Topic: You say it's impossible to avoid contact?
You see this car? The 1967 Fury III's original shipping weight was 3,615 pounds. It was by far the biggest car on the track at the Goin' For Broken race. It has torsion bar front suspension, leaf spring rear suspension, a solid rear axle, and a hood the size of a tennis court (well, if it had a hood, at any rate). It was considered big and unwieldy even in its own time. And yet... this freakin' dreadnaught did not get black-flagged even once all weekend.
How? Well, motivation was part of it; the Size Matters guys have deeply held religious beliefs that preclude the application of Fiat branding on a Mopar product... which is exactly what was going to happen to them if they showed up in the Penalty Box (we Lemons officials are aggressively atheist when it comes to the whole "sacred marque" business, be it Plymouth or Ferrari).

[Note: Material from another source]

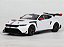Ford Mustang GTD 2025 1:43 Solido Branco - Imagem 1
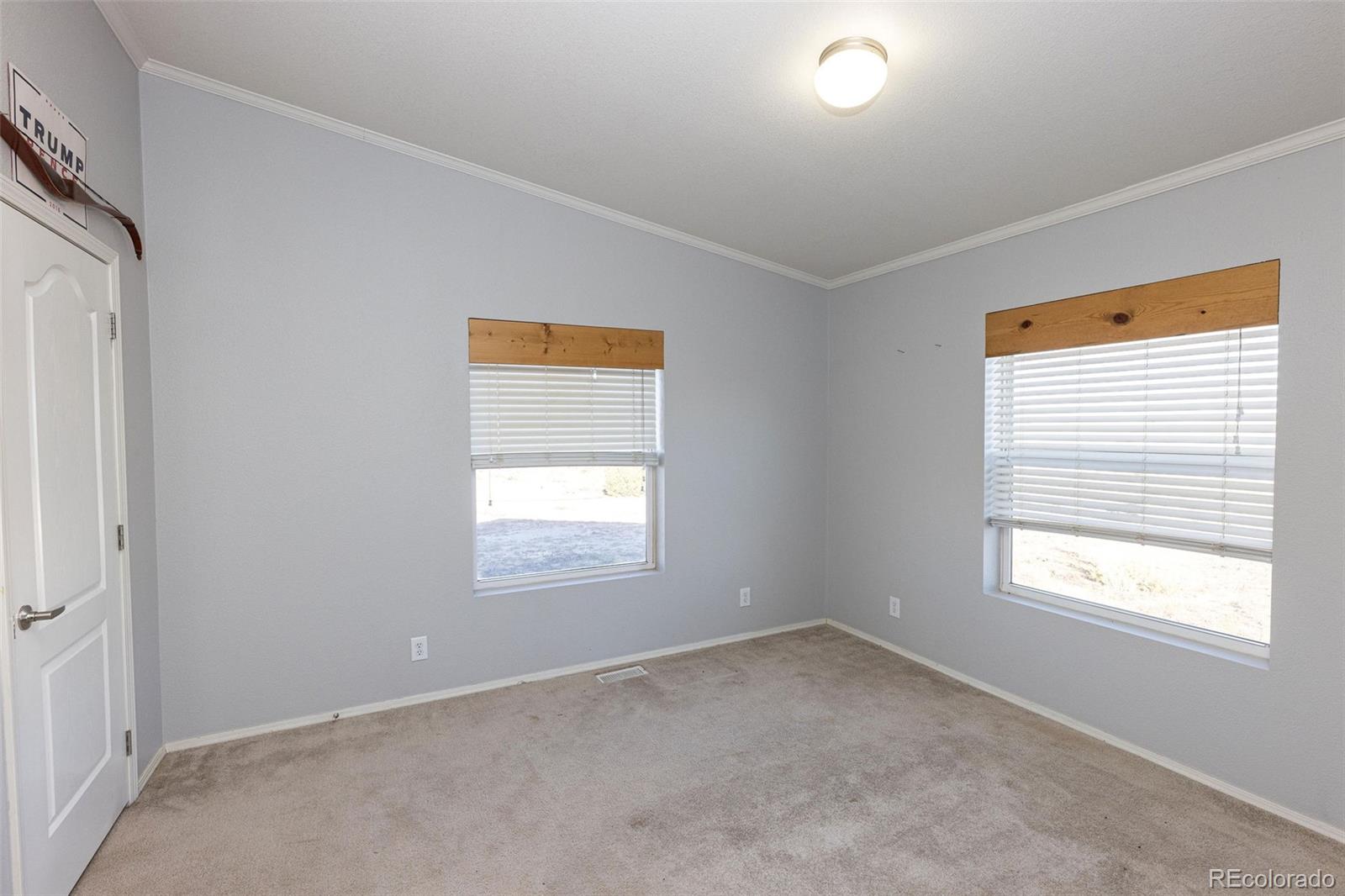 MLS Image #13 for 3211  lane 2 north ,mosca, Colorado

But the main reason they didn't hit anybody and/or go pinwheeling off into the tumbleweeds is that they didn't take chances. They didn't let themselves get put into a position where some racing noob with delusions of grandeur and/or a 79-alarm emergency clanging in his or her head could force them into a metal-on-metal situation. Even if it meant that they had to wait an extra 90 seconds to pass some parts-shedding sluggard, they didn't slice their margins of error thinner than Neon sheet metal.